[RECORDS PROVIDED]
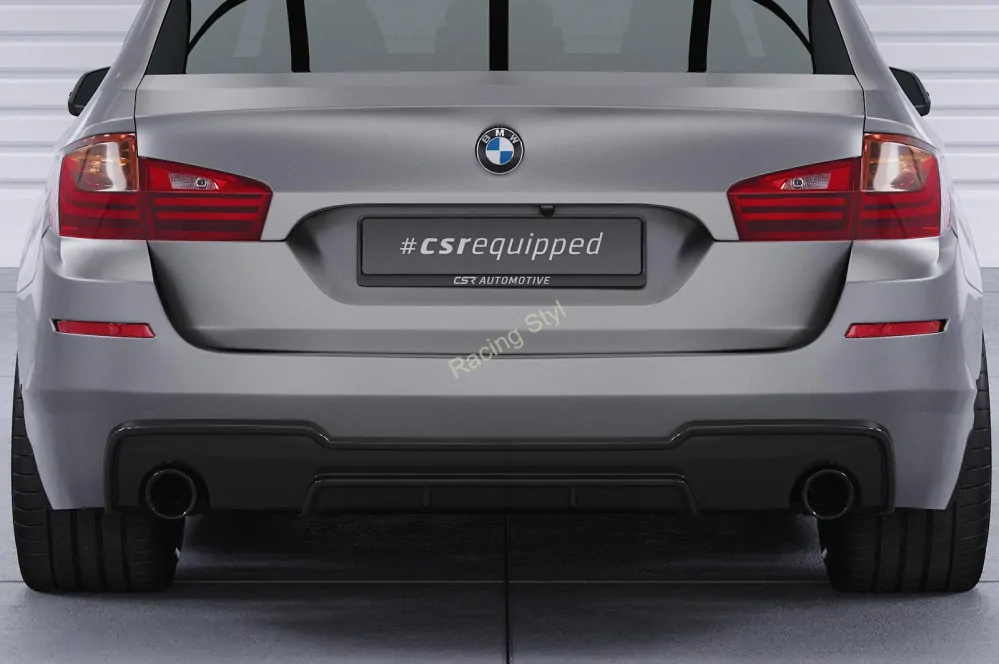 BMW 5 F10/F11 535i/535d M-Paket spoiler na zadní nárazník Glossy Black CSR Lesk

---

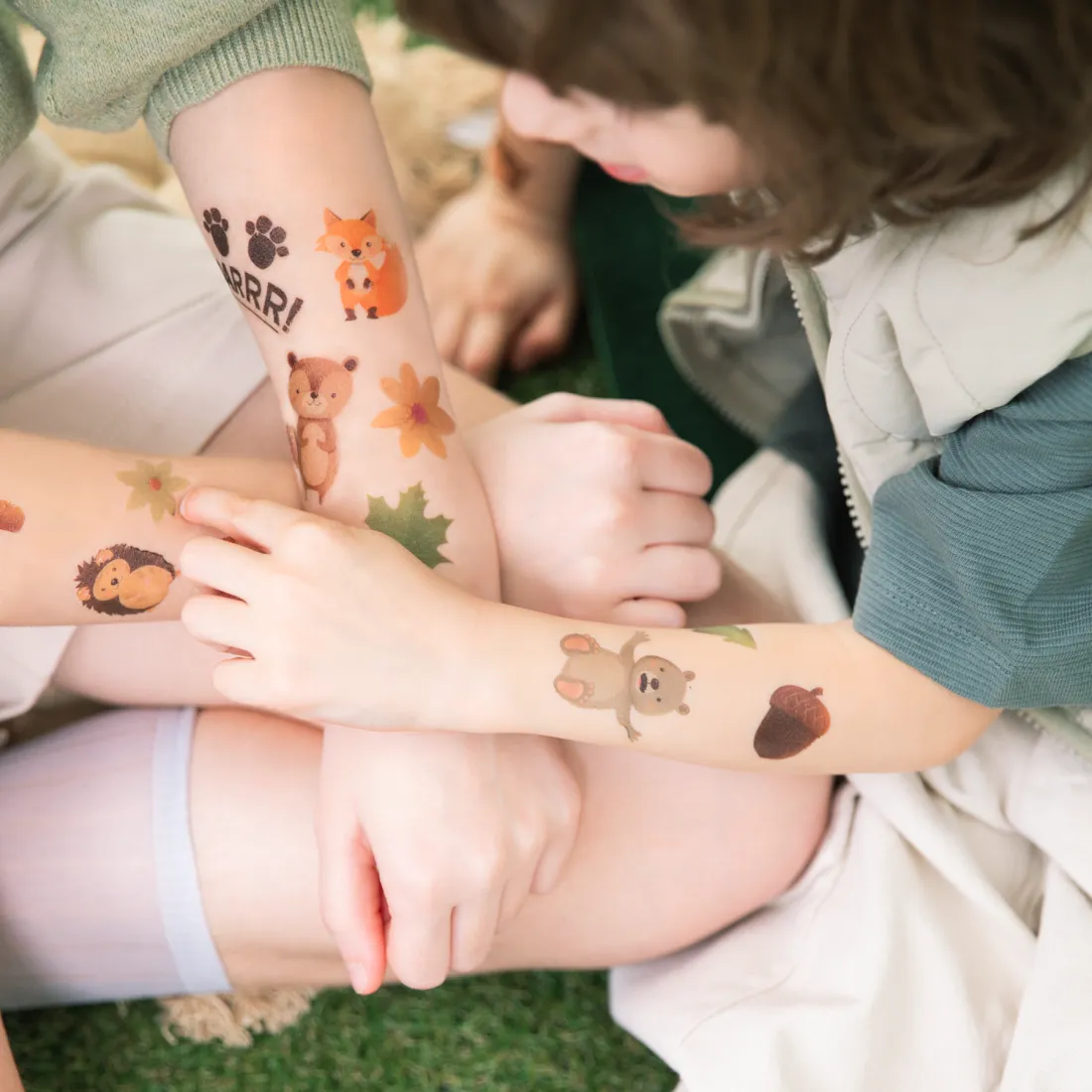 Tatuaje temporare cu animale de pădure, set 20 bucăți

...

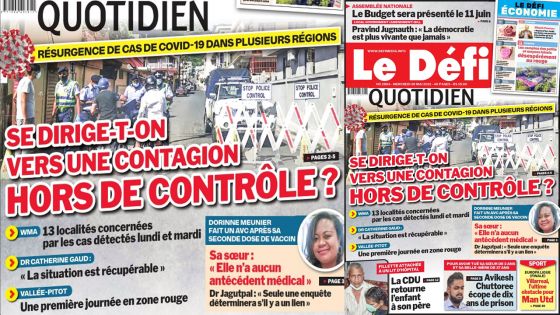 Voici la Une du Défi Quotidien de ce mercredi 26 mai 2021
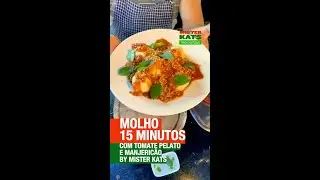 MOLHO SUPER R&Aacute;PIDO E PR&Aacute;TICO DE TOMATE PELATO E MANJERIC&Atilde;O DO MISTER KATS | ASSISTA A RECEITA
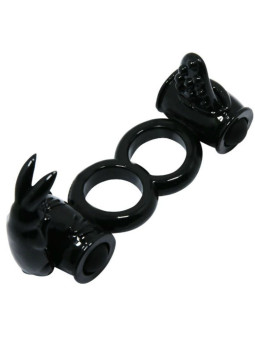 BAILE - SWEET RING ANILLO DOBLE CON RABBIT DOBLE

[WHAT IS REQUIRED]
Beginning with the line that contains "Voici la Une" and ending with the line that contains "BAILE - SWEET", reproduce the listing exactly, pictures excluded.

[REPLY]
 Voici la Une du Défi Quotidien de ce mercredi 26 mai 2021
 MOLHO SUPER R&Aacute;PIDO E PR&Aacute;TICO DE TOMATE PELATO E MANJERIC&Atilde;O DO MISTER KATS | ASSISTA A RECEITA
 BAILE - SWEET RING ANILLO DOBLE CON RABBIT DOBLE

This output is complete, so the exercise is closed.